The cracked Colorado Desert doesn’t usually provide conditions favorable for blooming flowers, but every now and again, deserts do see rainfall. When that happens, certain wildflowers (such as the bee plant and scorpionweed) creep up through the cracks and decorate the landscape for a mere few days before wilting and dying in a process that can last for several years. Capturing these simultaneously fleeting yet enduring spectacles of nature is photographer Guy Tal.
While the subject matter, composition, and lighting of these photographs are certainly noteworthy on their own, further examination into the man behind the camera reveals that he’s more of a philosopher than a photographer. Tal also writes, teaches workshops, and does a variety of things in between. Tal considers himself all and none of these things at once; when prodded for an answer to the question “What do you do?” he simply said, “My job is to be inspired.”

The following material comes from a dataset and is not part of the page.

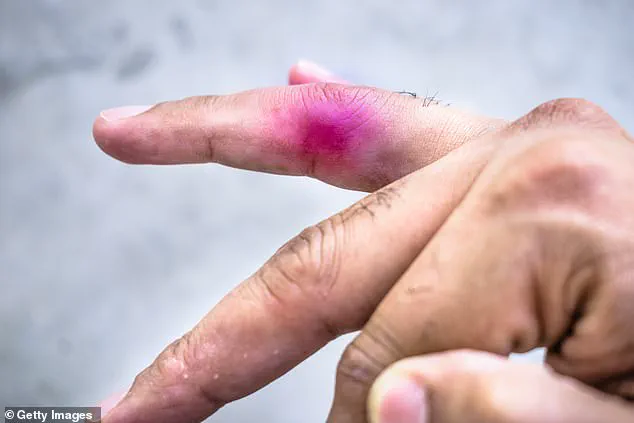 Nine-Year-Old's Lawsuit Against 11-Year-Old Peer Dismissed After Playground Incident Involving Toy Dinosaur at Alberta Daycare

“It’s a strange business I’m in; one often misunderstood. There’s no real word for what I do and maybe it’s time to put a name to it. My job is to be inspired. I make my living conveying the inspiration I find to others, in various ways. I photograph, I write, I teach, I interact. What does that make me? My photography is not about photographs; my writing is not about words; my teaching is not about facts; and my interactions are not about being social. There’s a higher purpose – the experience. Am I an experiencer?”
Tal further explains that he doesn’t make things for a living; he lives for a living. And how does one truly “live”, in the eyes of Guy Tal? By fully immersing oneself into whatever stimulus the Earth conjures up, allowing your senses to be sparked, and capturing nuggets of beauty – in both words and images – along the way. Tal’s writing style evokes all of that; just a small paragraph about an autumn morning ritual from his website leads us into a snapshot of his world -where every sense is able to find something to linger on.
It’s raining this morning. As the sun slowly rises I can see the bright yellow aspen groves on the flanks of Thousand Lake Mountain from my window. Soon the first light of the day will touch the crest of the red cliffs, then slowly make its way down in a beautiful display that had by now become a part of my morning ritual, along with the fresh brewed coffee and the hushed sounds of a small town slowly awakening. Tourist season is almost over and it’s quiet again. I’ve been up since 5am and so far only saw one vehicle on the road. This time of year there is more to it, though. Autumn always has that intangible feeling of quiet drama. The dark skies as the last of the monsoon storms pass through, the colorful trees, the slight chill in the air and the palpable feeling of winter’s impending arrival always put me in a contemplative mood. This is the time of year I look back upon, and forward to, in other seasons.
Much more than a simple photography website –and featuring landscapes besides the desert – Tal’s online portal also leads to his blog and journal, as well as to books he’s written, and workshops he’s currently teaching. Just like his photography, Tal’s site entrances us with aesthetics but convinces us to stick around for the stories and experiences behind them.